*** Opening of Provided entries ***

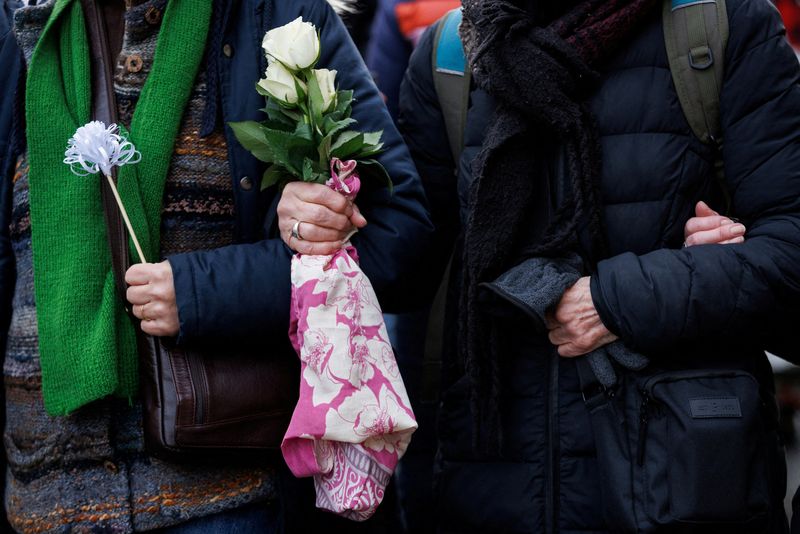 &copy; Reuters. FILE PHOTO: A person holds white roses as people take part in a cross-faith peace march attempting to bridge divisions over the conflict between Israel and the Palestinian Islamist group Hamas, which is causing rising levels of Islamophobia and antisemiti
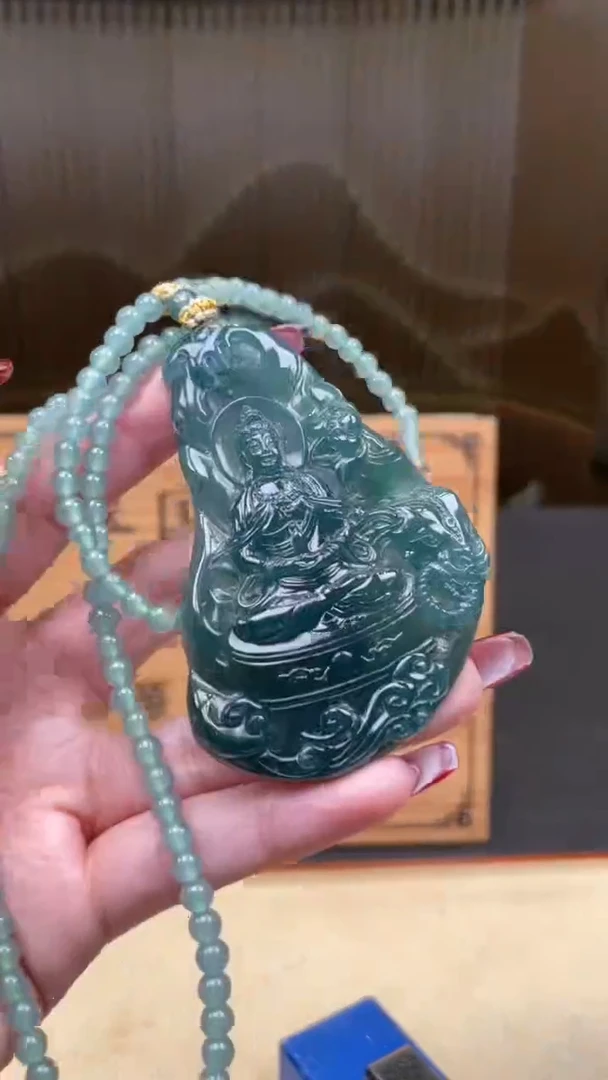【闪购商品】翡翠颈饰未镶嵌      *62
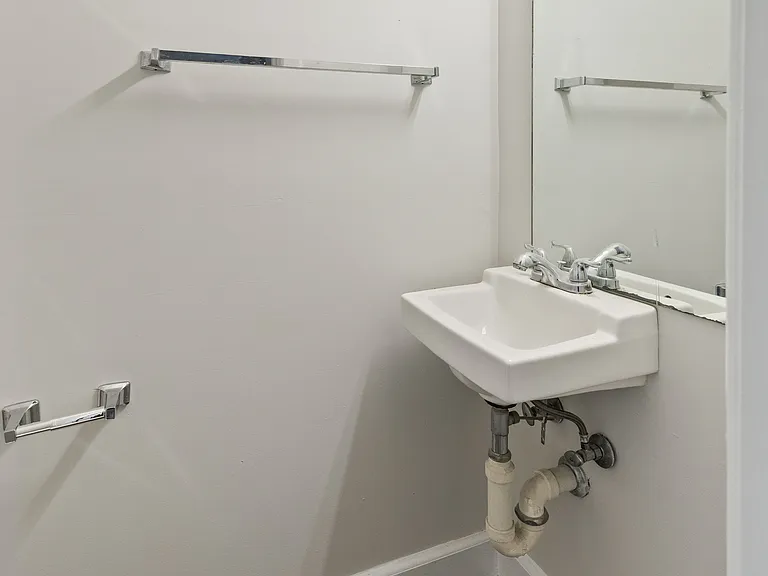 531 W Ormsby Ave #4 — Photo 8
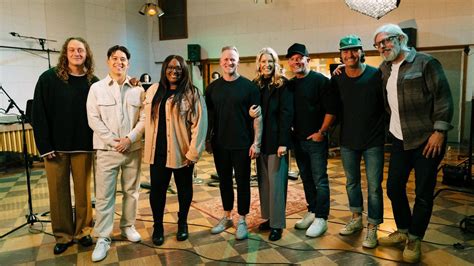 Marking 75 Years of 'How Great Thou Art,' 16 Artists Reimagine Hymn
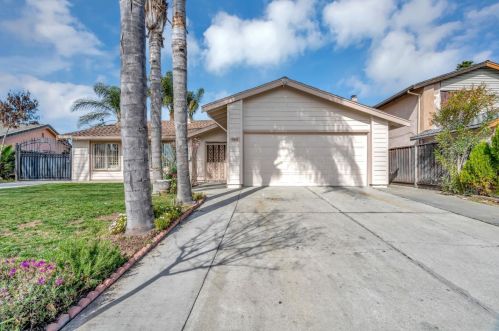 965 Cheswick Dr, San Jose, CA 95121-2810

*** Close of Provided entries ***

Leaving out the pictures, repeat all the entries exactly as they stand.

▶ Expected answer
 &copy; Reuters. FILE PHOTO: A person holds white roses as people take part in a cross-faith peace march attempting to bridge divisions over the conflict between Israel and the Palestinian Islamist group Hamas, which is causing rising levels of Islamophobia and antisemiti
【闪购商品】翡翠颈饰未镶嵌      *62
 531 W Ormsby Ave #4 — Photo 8
 Marking 75 Years of 'How Great Thou Art,' 16 Artists Reimagine Hymn
 965 Cheswick Dr, San Jose, CA 95121-2810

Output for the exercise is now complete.